WORK TO BE COMPLETED: Please return the data that follows precisely as written, but without the images.

(PROVIDED RECORDS begins)

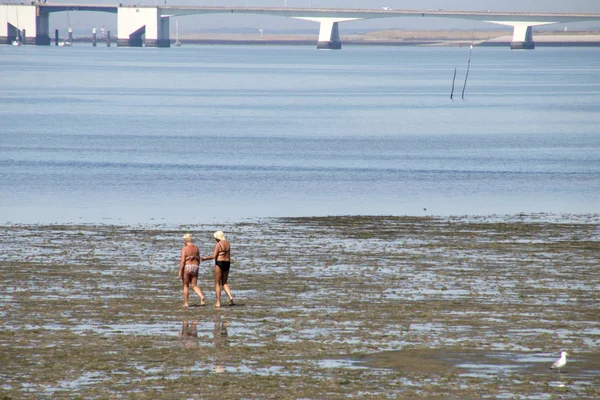 Hollanda Hollanda Flamanca Zeeland Schouwen Duiveland Ouwerkerk Nieuwendijk Temmuz 2018 — Stok fotoğraf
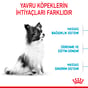 Royal Canin Xsmall Pupy 3Kg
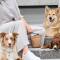 Leckerlitasche Hund Palopa Karl M almond
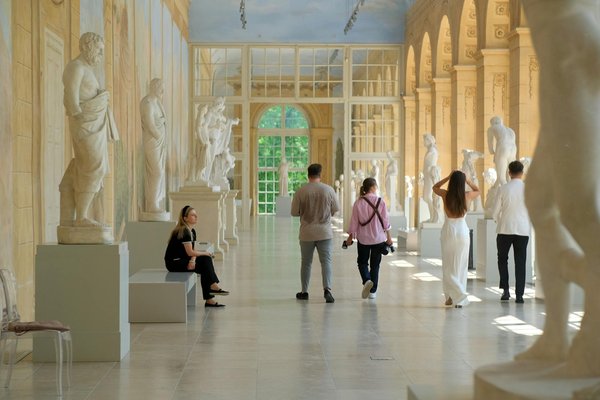 Assurance animaux 2025 : tout ce qu'il faut savoir pour bien choisir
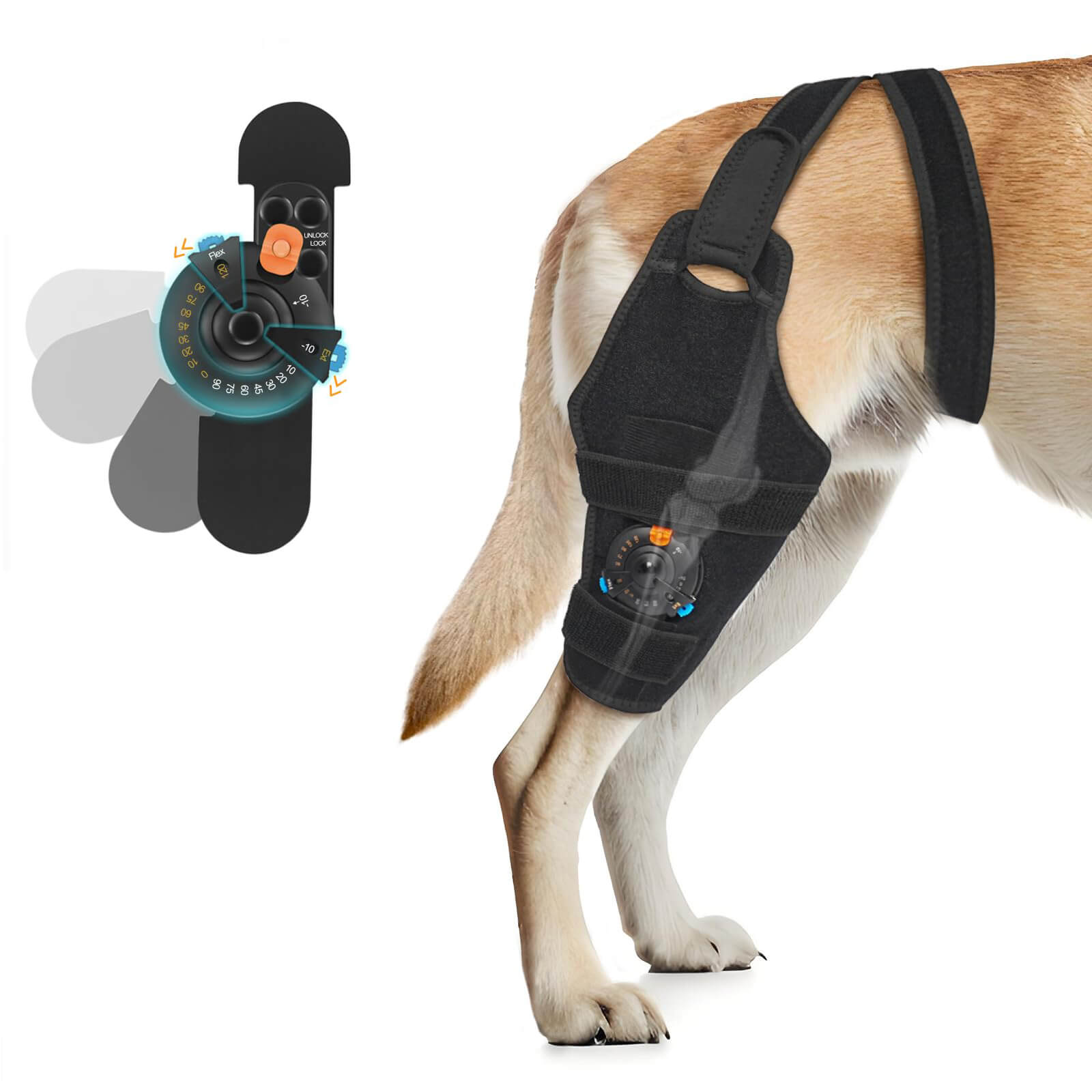 Dog Back Leg Knee Brace-Supet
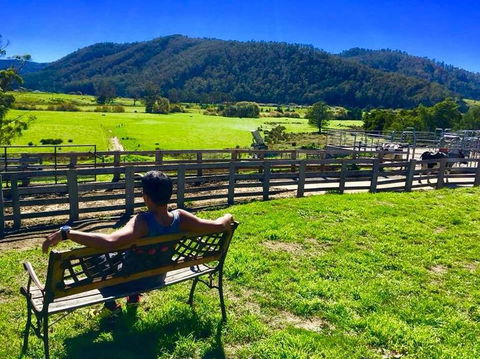 5-Day Lap Of Tasmania Tour From Hobart (flexible Ticket) - Hotel Accommodation 2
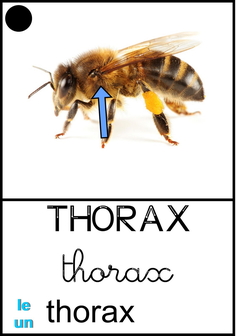 thorax abeille.jpg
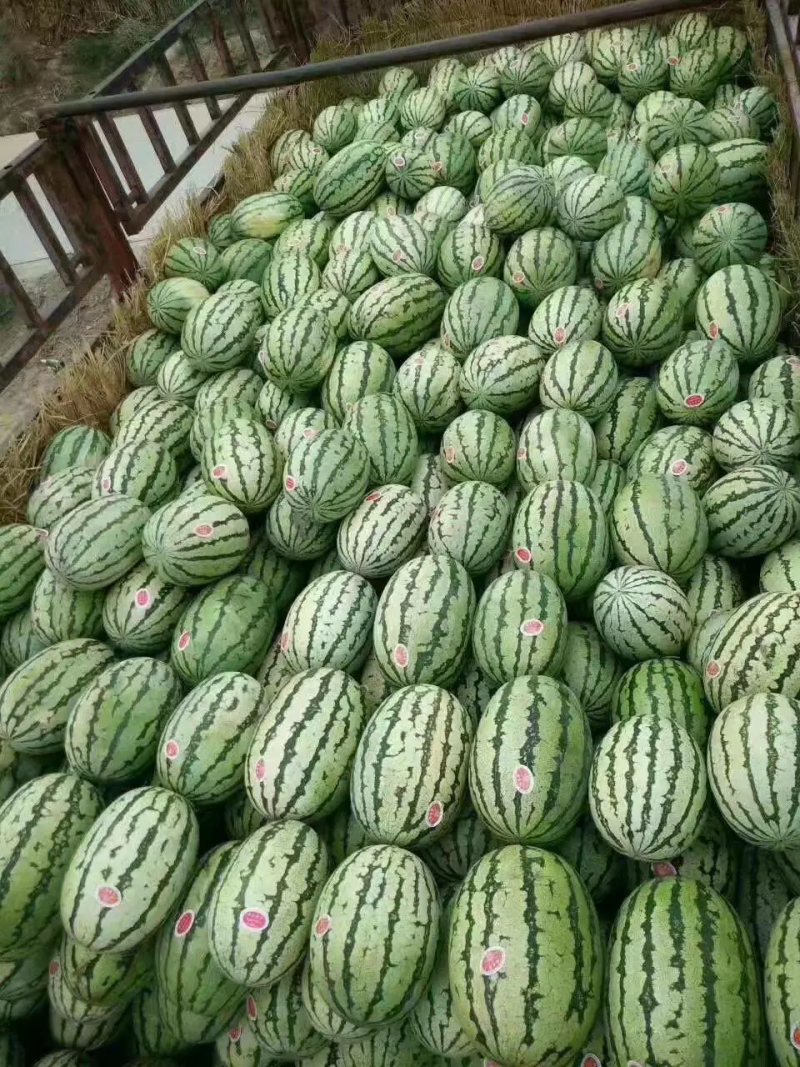 宁夏硒砂瓜，13糖甜度高，找车装货一条龙服务，日供万吨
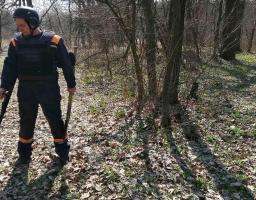 Піротехніками на Луганщині вилучено чотири гранати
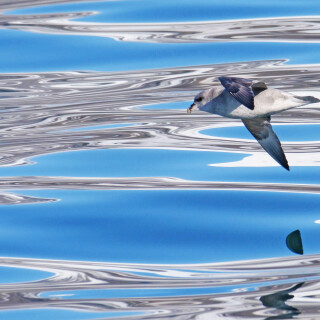 4.4-eissturmvogel-spitzbergen-13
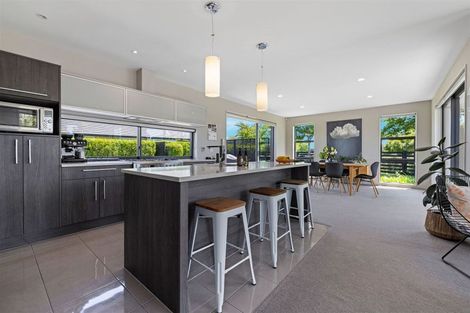 Photo of property in 17 Tauhinu Avenue, Lincoln, 7608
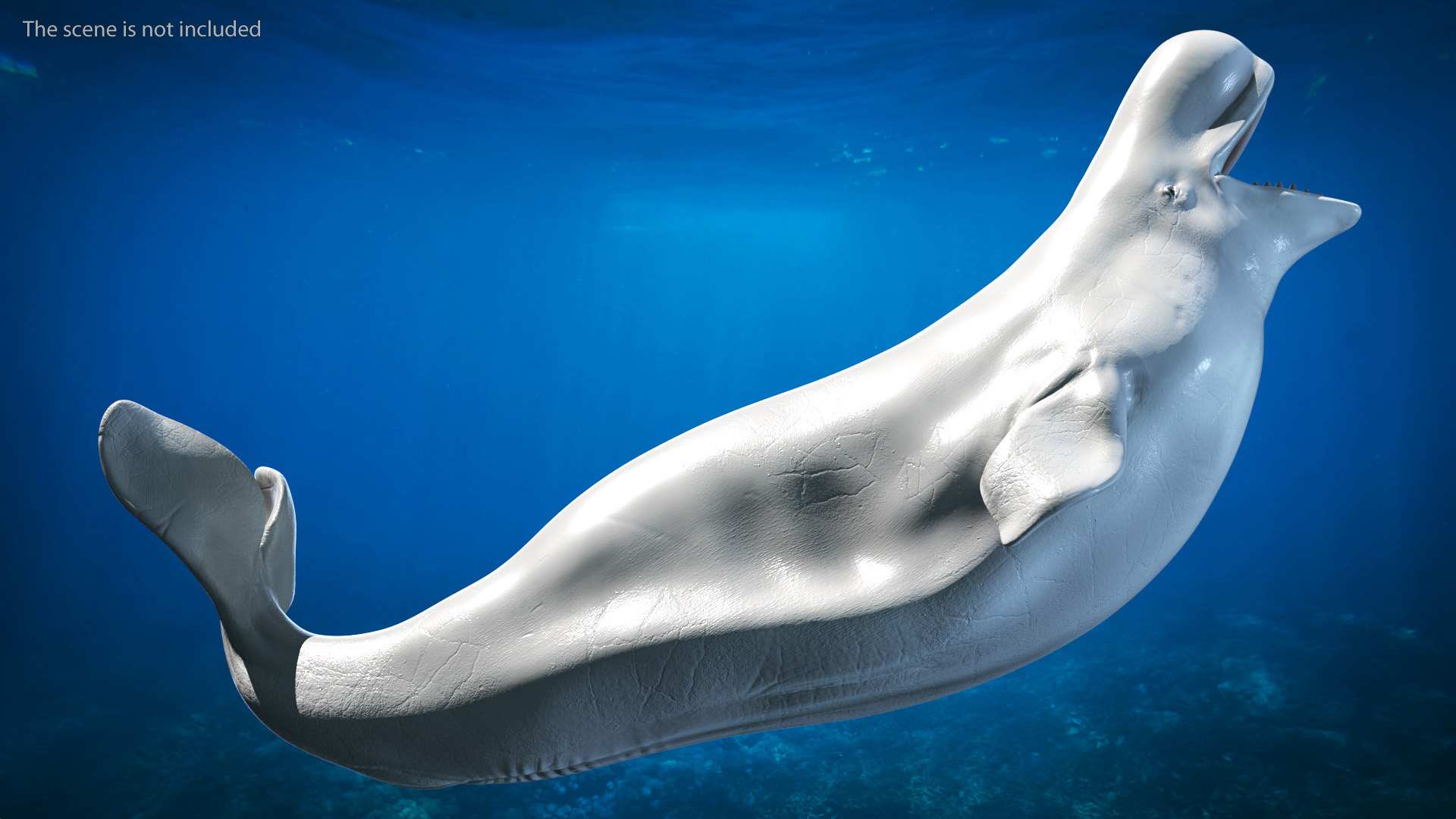 3D Beluga Whale Adult Playful Pose
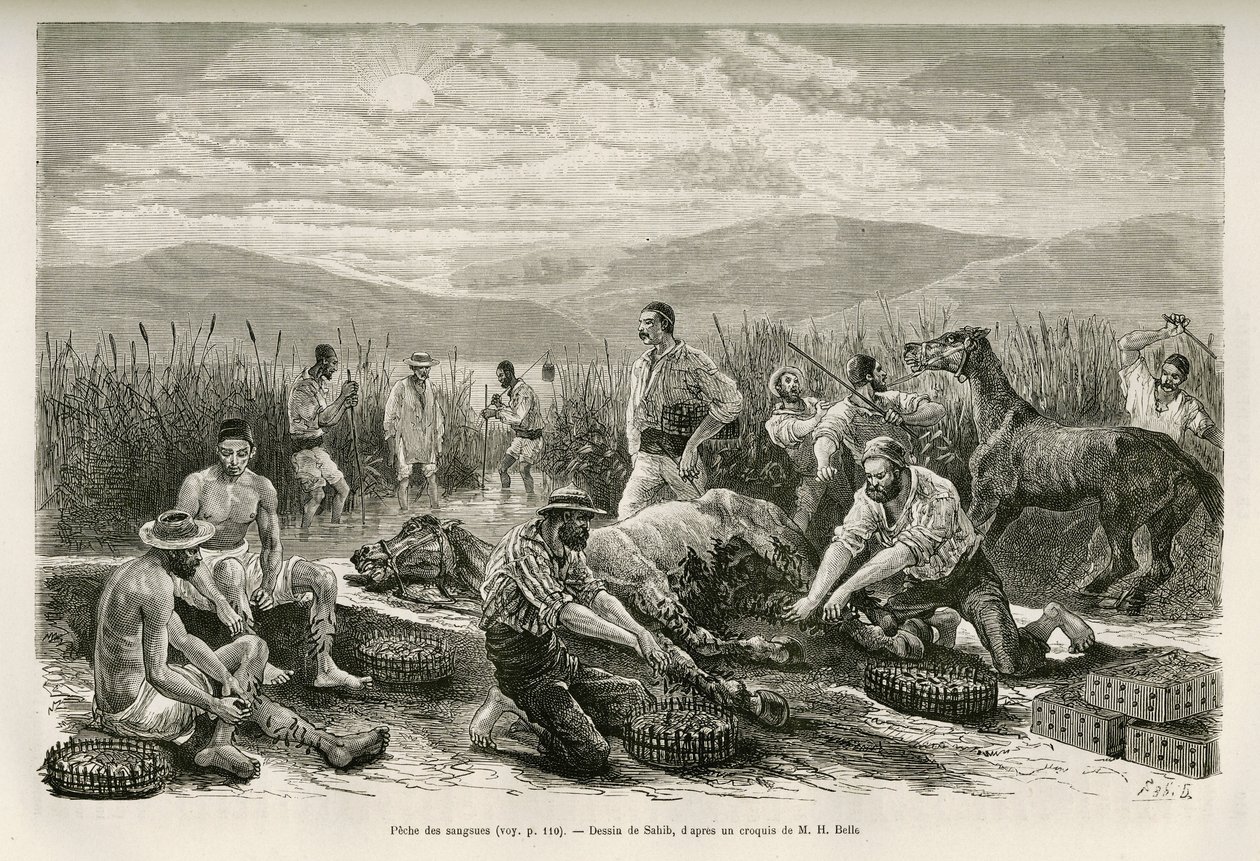 La pêche des sangsues, dessin de Sahib, pour illustrer l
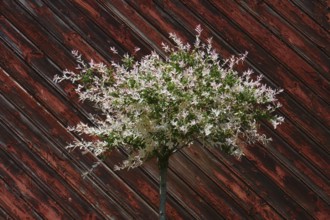 Salix integra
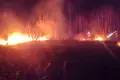 Nowa plaga pożarów w powiecie bolesławieckim
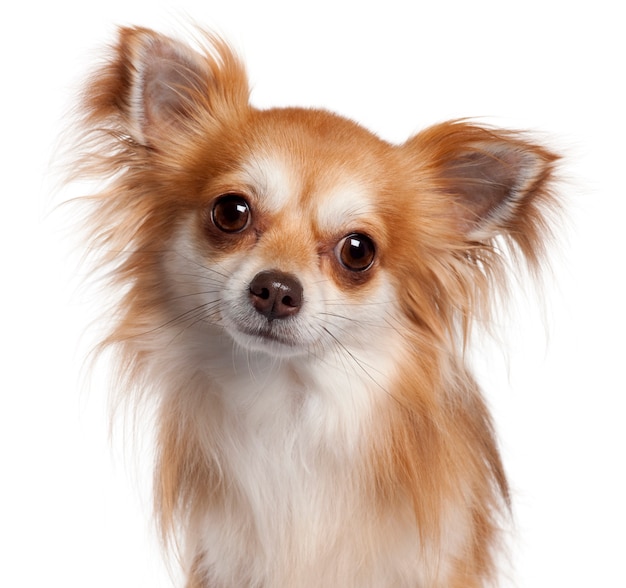 Close-up of Chihuahua, 2 years old,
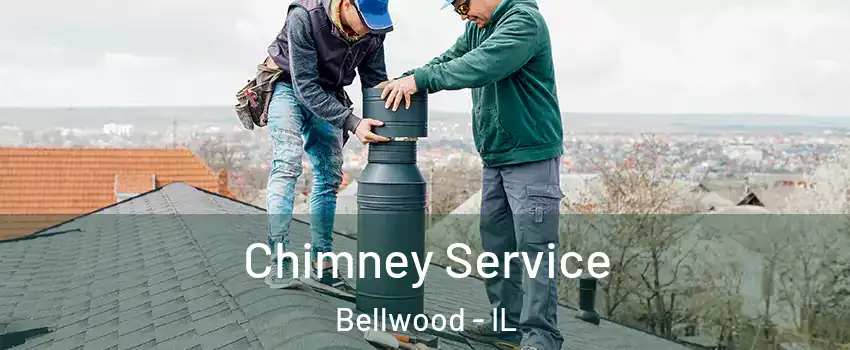  Chimney Service Bellwood - IL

(PROVIDED RECORDS ends)

RESPONSE BELOW:
 Hollanda Hollanda Flamanca Zeeland Schouwen Duiveland Ouwerkerk Nieuwendijk Temmuz 2018 — Stok fotoğraf
 Royal Canin Xsmall Pupy 3Kg
 Leckerlitasche Hund Palopa Karl M almond
 Assurance animaux 2025 : tout ce qu'il faut savoir pour bien choisir
 Dog Back Leg Knee Brace-Supet
 5-Day Lap Of Tasmania Tour From Hobart (flexible Ticket) - Hotel Accommodation 2
 thorax abeille.jpg
 宁夏硒砂瓜，13糖甜度高，找车装货一条龙服务，日供万吨
 Піротехніками на Луганщині вилучено чотири гранати
 4.4-eissturmvogel-spitzbergen-13
 Photo of property in 17 Tauhinu Avenue, Lincoln, 7608
 3D Beluga Whale Adult Playful Pose
 La pêche des sangsues, dessin de Sahib, pour illustrer l
 Salix integra
 Nowa plaga pożarów w powiecie bolesławieckim
 Close-up of Chihuahua, 2 years old,
  Chimney Service Bellwood - IL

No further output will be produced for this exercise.